Protein annotation and statistical analysis

The acquired raw data was analysed using MaxQuant version 1.5.5.155, using the standard settings. Oxidation (M) and Acetyl (Protein N-term) were set as variable modifications and Carbamidomethyl (C) was set as a fixed modification. Match-Between-Runs function was applied to enhance protein identification in the simple experimental setup. The label-free quantification algorithm was applied for quantification with an LFQ min ratio count of 249 a maximum of 2 missed tryptic cleavages were permitted. A minimum length of seven amino acids per peptide was required. The standard mass tolerance settings for the Orbitrap were used. A target-decoy search approach with the default MaxQuant setting of 1% false discovery rate (FDR) was applied for identification at both peptide and protein levels using the built-in Andromeda peptide search engine49,50 and GhostKOALA annotated genomes as reference proteome.
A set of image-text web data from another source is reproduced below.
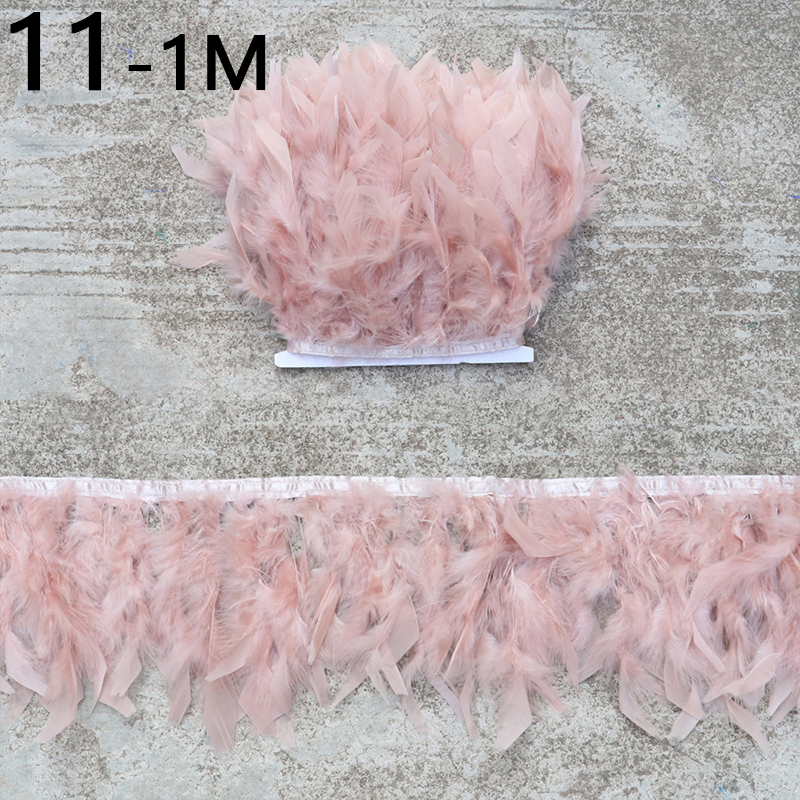 Ruban de plumes doux sans perte, 1m, 20 couleurs, bricolage artisanat jupe robe vêtements chaussures décoration couture bijoux accessoires: 11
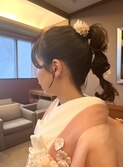列席ヘアアップ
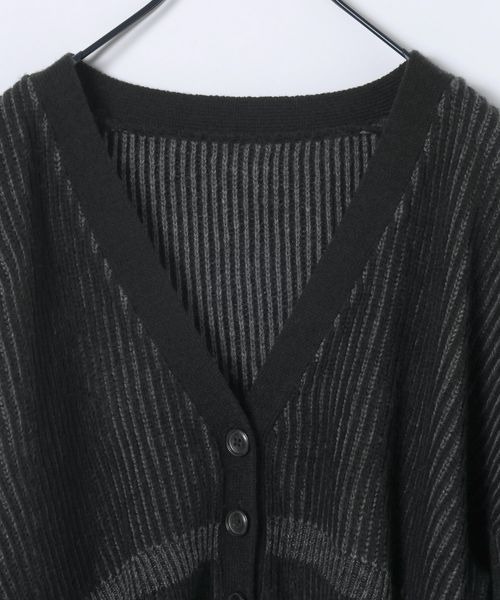「JEANASIS」 ニットカーディガン FREE グレー レディース_画像7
Differential abundance analysis was performed using a Welsh t-test, with S0 = 1, while only including proteins observed in 3 out of the 5 biological replicates in both groups. P-values were adjusted for multiple hypothesis testing by FDR correction, with q < 0.05 as the significance cut-off.
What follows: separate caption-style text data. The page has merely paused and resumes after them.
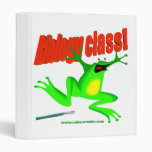 Biology class frog binder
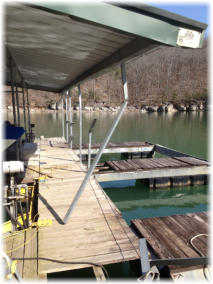 Boat Dock Damaged From Being Allowed On Dry Ground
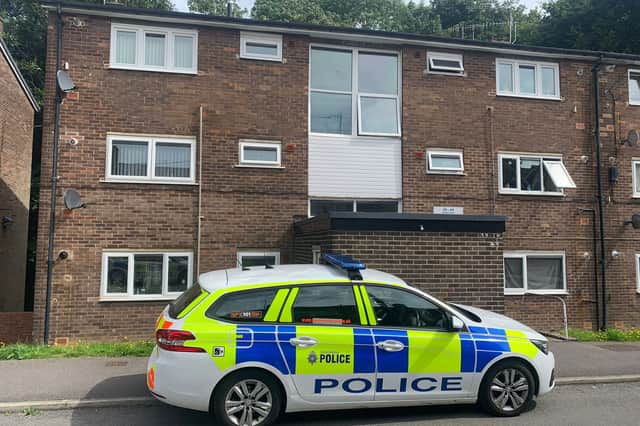 A large number of police were spotted in Abbey Lane, Sheffield, on August 14 in connection with a murder investigation centre on Fraser Drive (pictured).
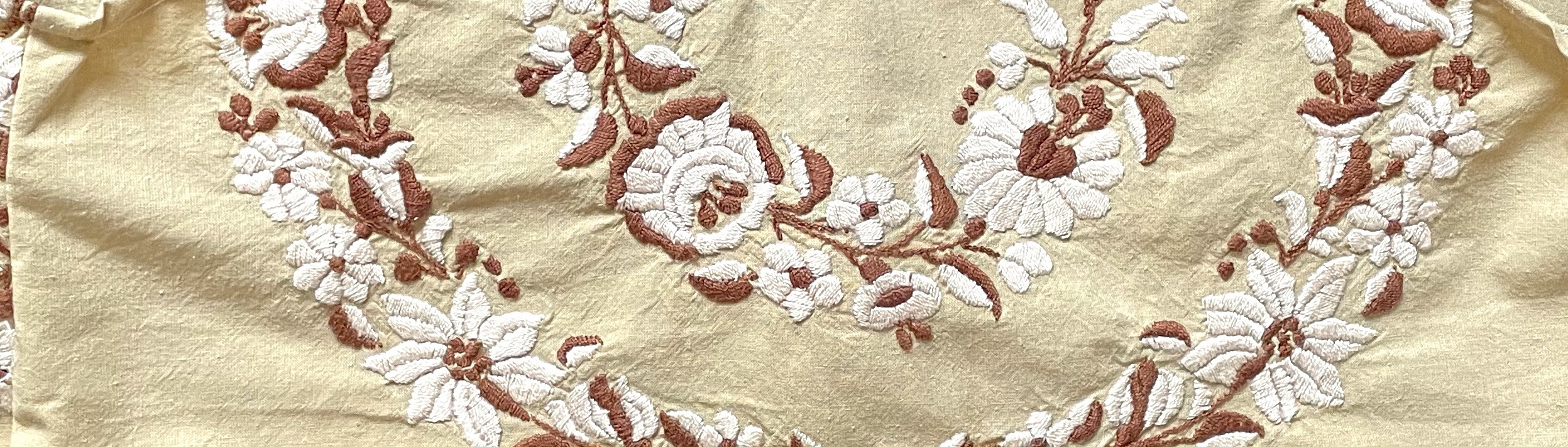 Hand embroidery vest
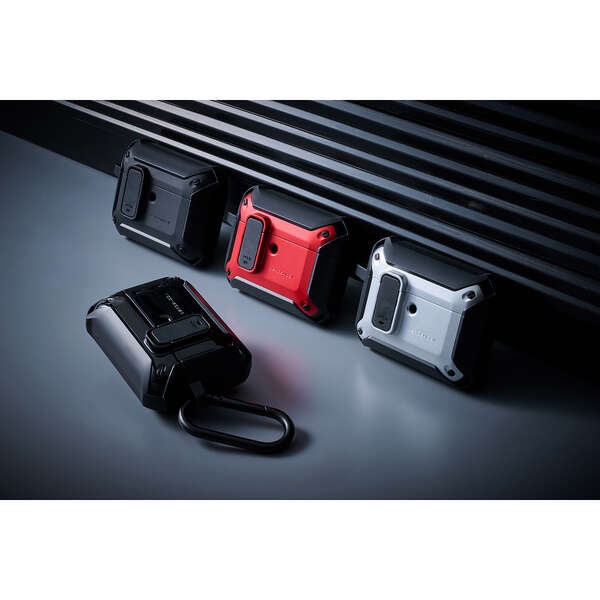 AirPods Pro 3対応/ZEROSHOCK Lockケース/カラビナ付/シルバー【AVA-AP07ZEROLSV】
Regulated pathways were identified using Fisher’s exact test and Storey FDR correction51 was used to correct for multiple hypothesis testing. The comparative analyses of the metabolism were constructed with annotated proteins, with K numbers assignedto all 3 KEGG Metabolic Pathway hierarchical levels.
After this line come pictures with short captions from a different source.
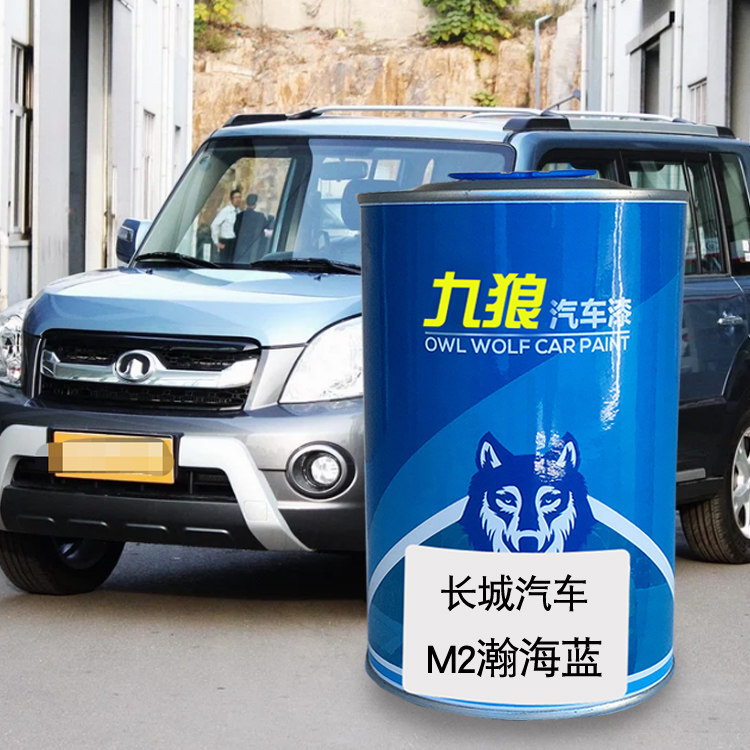 九狼汽车漆长成品城漆原厂漆修理厂M2瀚海蓝M1宇宙蓝时尚橙星光银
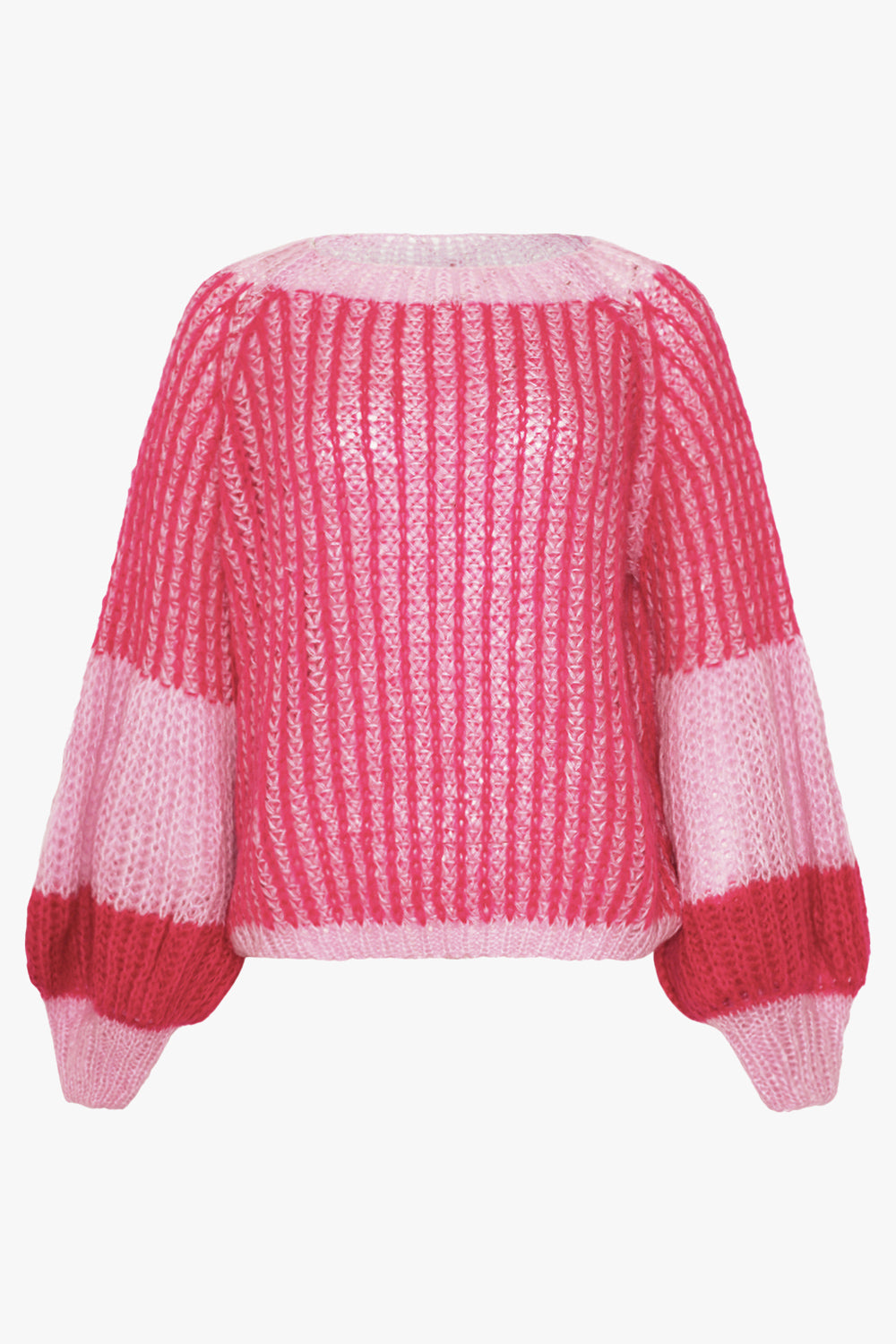 Noellas Liana Knit Sweater Pink Bubblegum. Køb Striktrøjer hos www.noellafashion.dk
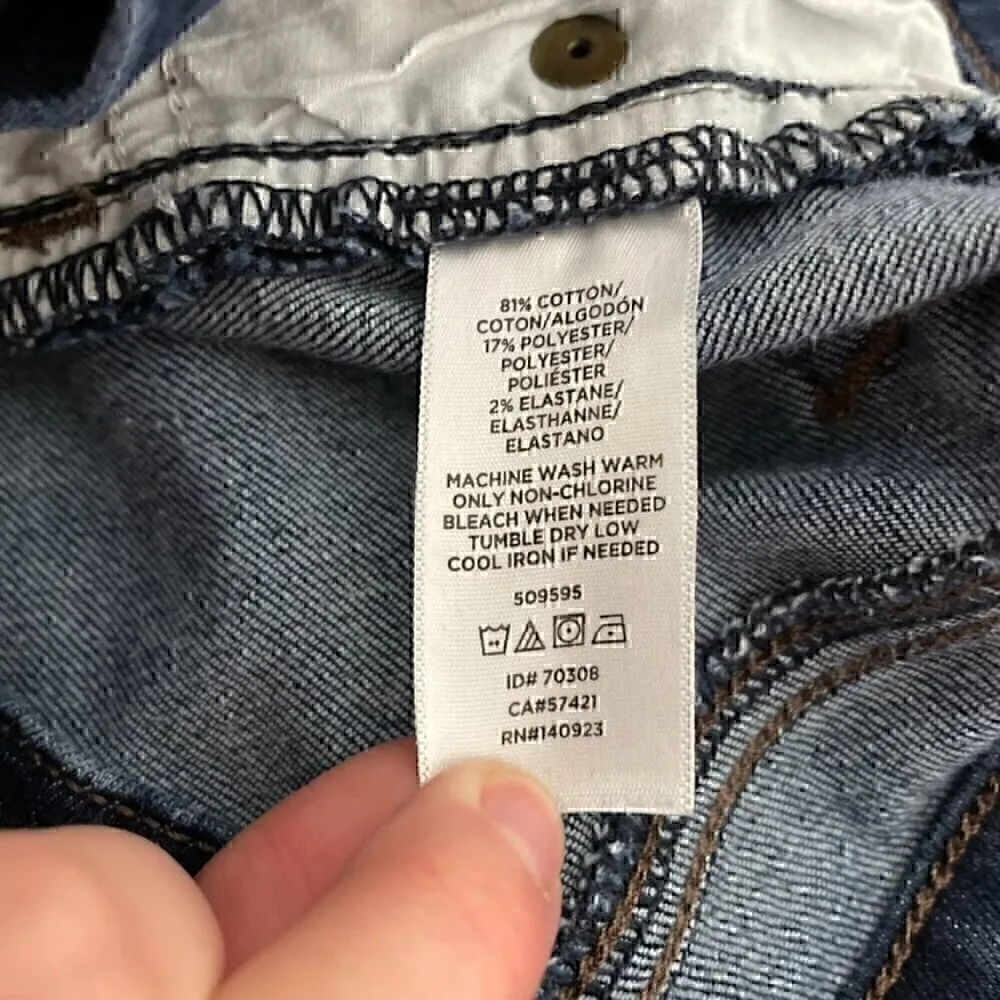 ANN TAYLOR LOFT Outlet Modern Skinny Dark Wash Cotton Blend Jeans PETITE 4 / 4P - Image 10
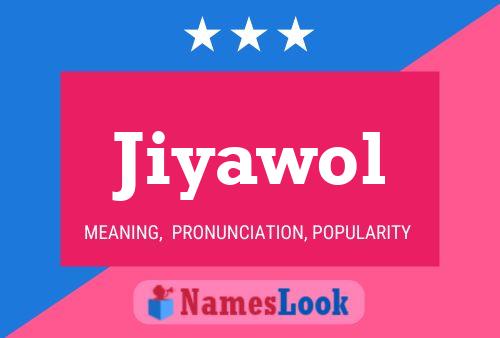 ملصق اسم Jiyawol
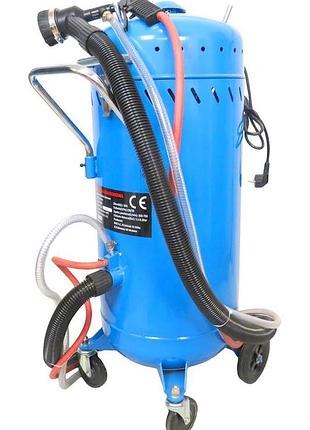 Пескоструйный аппарат с сифоном, беспыловый, с пылесосом, 105 л bass polska 4258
RNA extraction purification and qRT-PCR

Total RNA extractions from log-grown cells (OD600 ≈ 0.5) of control and Te(IV) (0.5 mM) conditions were carried out using the GeneJet RNA Purification kit (Thermo Scientific) according to the manufacturer’s protocol and stored at -80 °C until further use. The purity and integrity of the isolated total RNA were analysed both by agarose gel electrophoresis and by Nanodrop spectrophotometer (Thermo Scientific). The presence of any DNA contamination in isolated total RNA was removed by using RNase free-DNase (Invitrogen, Thermo Fisher Scientific). First-strand cDNAs were synthesized from 5 µg of DNAse treated RNA with the SuperScript™ II RT cDNA Synthesis Kit (Invitrogen, Thermo Fisher Scientific) using oligo dT primer (NZYTech) as per the recommended protocol. The transcription of Te(IV) resistance terD paralogues was analysed by quantitative RT-PCR. For each treatment, three different cDNA samples were considered, and each sample included three technical triplicates. Specific primers for terD1, terD2 and terD3 and the housekeeping gene (16 S rRNA), designed on the nucleotide sequences previously obtained with genome sequencing, were used (Supplementary Table S4). Validation of primer amplification efficiency was visualised by PCR and confirmed on a 1% agarose gel (results not shown). Quantitative RT-PCR was performed on 10 µL-volume of SYBR Green Master mix (Biotool™) containing 50 ng of cDNA, using the Bio-Rad CFX96™ real-time PCR system, with the following cycling parameters: 95 °C for 2 min (denaturation), 38 cycles at 95 °C for 20 s and 60 °C for 1 min (annealing), and a last phase at 95 °C for 15 s, 60 °C for 1 min, 95 °C for 15 s and 60 °C for 15 s (extension). No genomic contamination was detected by the dissociation curve. Relative quantification values (fold change ratios) were obtained using the Pfaffl mathematical model (2−ΔΔCt calculation)52 where values obtained for treated samples were compared with those obtained for untreated samples. The fold change ratios were normalized with respect to the housekeeping gene, to compensate for variations in the amounts of cDNA. Log2 transformation of target gene expression levels, Control vs. Te(IV) conditions, was compared with paired Student′s t-test, using software GraphPad Prism5; GraphPad Software, Inc. For the statistical test, differences were considered significant if the p‐value was ˂ 0.05.